- _Work to be completed_: As the lines appear below, please set them down exactly, starting at the first and finishing with the one containing "Noorderlicht 2022".

- _Dataset excerpts_:
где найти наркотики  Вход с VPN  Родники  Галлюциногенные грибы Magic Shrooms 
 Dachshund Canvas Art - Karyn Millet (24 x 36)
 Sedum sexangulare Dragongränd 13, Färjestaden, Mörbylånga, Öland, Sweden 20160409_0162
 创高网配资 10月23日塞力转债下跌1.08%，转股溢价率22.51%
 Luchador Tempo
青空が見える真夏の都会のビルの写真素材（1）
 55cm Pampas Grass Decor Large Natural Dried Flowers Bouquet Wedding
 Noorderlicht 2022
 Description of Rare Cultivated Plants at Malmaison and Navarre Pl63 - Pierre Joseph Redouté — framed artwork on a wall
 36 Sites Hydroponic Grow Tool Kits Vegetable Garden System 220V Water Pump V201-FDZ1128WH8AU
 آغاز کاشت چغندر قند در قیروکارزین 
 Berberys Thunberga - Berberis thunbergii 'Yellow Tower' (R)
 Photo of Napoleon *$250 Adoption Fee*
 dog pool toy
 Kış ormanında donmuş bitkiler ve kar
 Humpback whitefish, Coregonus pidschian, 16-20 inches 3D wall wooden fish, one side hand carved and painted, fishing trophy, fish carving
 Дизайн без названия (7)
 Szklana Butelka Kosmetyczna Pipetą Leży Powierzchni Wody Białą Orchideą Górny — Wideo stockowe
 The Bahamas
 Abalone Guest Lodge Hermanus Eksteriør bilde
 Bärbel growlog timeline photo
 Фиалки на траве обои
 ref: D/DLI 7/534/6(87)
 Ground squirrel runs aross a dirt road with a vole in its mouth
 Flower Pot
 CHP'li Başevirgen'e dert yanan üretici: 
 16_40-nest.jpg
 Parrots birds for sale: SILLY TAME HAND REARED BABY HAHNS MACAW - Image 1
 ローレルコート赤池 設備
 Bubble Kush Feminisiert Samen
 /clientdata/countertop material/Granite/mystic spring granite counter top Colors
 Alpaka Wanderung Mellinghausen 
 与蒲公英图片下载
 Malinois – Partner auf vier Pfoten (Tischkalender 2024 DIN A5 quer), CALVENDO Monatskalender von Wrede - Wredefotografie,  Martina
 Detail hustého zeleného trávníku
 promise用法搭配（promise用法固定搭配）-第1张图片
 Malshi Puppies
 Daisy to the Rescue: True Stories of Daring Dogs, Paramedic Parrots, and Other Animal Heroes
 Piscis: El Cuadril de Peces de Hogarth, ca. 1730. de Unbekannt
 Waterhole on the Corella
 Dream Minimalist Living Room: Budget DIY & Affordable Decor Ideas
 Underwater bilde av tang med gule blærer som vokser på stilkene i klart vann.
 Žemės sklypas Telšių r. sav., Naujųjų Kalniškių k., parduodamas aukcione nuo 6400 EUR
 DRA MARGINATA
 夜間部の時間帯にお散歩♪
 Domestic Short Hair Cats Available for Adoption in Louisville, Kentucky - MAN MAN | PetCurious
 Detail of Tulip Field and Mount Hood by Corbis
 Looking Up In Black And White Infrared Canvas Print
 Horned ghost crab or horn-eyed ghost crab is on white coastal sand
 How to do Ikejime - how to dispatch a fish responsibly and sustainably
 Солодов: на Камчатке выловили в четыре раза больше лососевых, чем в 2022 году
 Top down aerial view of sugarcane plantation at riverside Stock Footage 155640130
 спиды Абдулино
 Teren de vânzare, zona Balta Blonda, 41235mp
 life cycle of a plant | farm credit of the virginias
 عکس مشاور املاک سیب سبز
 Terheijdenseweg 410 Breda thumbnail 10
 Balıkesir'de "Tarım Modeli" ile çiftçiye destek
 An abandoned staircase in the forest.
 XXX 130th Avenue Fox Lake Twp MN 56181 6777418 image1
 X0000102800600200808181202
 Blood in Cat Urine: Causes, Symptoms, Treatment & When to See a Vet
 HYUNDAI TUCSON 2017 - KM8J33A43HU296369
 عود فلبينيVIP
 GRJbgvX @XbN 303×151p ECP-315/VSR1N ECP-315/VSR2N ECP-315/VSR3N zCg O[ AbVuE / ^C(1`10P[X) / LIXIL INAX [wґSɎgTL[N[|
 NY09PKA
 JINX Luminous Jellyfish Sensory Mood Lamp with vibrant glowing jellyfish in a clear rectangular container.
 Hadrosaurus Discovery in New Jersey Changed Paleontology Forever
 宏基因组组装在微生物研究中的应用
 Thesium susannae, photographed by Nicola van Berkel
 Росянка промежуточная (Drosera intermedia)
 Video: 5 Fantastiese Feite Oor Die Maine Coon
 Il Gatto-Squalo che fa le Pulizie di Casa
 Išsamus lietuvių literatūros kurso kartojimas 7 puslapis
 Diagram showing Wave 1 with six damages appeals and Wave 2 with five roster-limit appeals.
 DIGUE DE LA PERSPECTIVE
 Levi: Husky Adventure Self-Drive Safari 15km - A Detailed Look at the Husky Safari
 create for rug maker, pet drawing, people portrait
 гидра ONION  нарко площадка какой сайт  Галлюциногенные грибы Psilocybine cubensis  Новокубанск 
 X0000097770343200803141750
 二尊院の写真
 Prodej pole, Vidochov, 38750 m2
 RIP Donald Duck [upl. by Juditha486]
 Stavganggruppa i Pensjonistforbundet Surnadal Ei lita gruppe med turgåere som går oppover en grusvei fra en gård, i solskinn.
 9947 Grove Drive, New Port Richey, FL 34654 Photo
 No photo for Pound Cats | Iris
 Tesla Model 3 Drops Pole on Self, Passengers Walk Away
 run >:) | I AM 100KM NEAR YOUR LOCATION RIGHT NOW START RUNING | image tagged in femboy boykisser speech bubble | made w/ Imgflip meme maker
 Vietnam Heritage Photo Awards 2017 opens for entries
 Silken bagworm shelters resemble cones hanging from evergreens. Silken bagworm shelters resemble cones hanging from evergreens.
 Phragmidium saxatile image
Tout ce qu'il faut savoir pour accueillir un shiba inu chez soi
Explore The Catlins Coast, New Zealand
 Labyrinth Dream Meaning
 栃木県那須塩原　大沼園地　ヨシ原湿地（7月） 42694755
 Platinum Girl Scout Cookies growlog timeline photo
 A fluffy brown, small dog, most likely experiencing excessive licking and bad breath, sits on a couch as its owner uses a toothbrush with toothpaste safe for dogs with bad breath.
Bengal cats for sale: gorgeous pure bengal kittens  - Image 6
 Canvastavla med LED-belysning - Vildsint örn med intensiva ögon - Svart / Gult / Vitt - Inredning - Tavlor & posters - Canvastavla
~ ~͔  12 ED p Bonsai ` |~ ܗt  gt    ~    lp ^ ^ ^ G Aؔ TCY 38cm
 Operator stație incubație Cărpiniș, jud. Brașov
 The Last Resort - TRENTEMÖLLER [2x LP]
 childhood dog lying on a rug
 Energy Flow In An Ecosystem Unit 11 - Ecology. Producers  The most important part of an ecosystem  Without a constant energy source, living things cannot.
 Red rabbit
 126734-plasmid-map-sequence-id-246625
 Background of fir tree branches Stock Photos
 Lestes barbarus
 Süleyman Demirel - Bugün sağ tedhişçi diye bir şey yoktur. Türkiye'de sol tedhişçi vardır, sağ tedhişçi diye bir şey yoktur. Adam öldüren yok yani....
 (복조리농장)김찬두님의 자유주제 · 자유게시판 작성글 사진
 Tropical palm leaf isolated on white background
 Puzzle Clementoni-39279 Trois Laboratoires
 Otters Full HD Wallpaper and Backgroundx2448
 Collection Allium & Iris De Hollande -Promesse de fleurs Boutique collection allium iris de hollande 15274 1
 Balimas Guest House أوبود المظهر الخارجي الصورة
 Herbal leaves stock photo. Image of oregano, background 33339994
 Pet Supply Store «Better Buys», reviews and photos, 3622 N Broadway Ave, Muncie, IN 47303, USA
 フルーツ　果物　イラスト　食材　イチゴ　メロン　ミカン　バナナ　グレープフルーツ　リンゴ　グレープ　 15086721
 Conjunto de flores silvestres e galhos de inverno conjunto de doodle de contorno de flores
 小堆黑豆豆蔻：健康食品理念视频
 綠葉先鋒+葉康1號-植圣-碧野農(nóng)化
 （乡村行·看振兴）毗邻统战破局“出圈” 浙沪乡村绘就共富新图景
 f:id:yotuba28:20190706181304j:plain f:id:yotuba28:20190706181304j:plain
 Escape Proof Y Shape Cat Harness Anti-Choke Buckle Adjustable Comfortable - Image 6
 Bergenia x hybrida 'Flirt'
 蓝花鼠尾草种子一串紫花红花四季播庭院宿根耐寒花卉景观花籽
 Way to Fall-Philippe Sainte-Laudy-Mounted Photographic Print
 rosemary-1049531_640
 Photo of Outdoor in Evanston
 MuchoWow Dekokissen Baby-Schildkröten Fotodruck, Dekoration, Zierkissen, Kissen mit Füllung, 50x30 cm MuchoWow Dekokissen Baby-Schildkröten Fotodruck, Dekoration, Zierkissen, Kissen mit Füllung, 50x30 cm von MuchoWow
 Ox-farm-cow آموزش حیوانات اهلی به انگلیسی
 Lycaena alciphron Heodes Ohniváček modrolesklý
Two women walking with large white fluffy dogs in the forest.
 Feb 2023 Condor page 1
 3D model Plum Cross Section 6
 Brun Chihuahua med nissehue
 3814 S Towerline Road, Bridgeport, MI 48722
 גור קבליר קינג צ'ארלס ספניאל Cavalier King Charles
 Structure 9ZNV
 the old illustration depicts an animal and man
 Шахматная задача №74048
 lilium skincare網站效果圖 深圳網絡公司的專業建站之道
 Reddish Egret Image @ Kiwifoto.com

- _Written solution_:
где найти наркотики  Вход с VPN  Родники  Галлюциногенные грибы Magic Shrooms 
 Dachshund Canvas Art - Karyn Millet (24 x 36)
 Sedum sexangulare Dragongränd 13, Färjestaden, Mörbylånga, Öland, Sweden 20160409_0162
 创高网配资 10月23日塞力转债下跌1.08%，转股溢价率22.51%
 Luchador Tempo
青空が見える真夏の都会のビルの写真素材（1）
 55cm Pampas Grass Decor Large Natural Dried Flowers Bouquet Wedding
 Noorderlicht 2022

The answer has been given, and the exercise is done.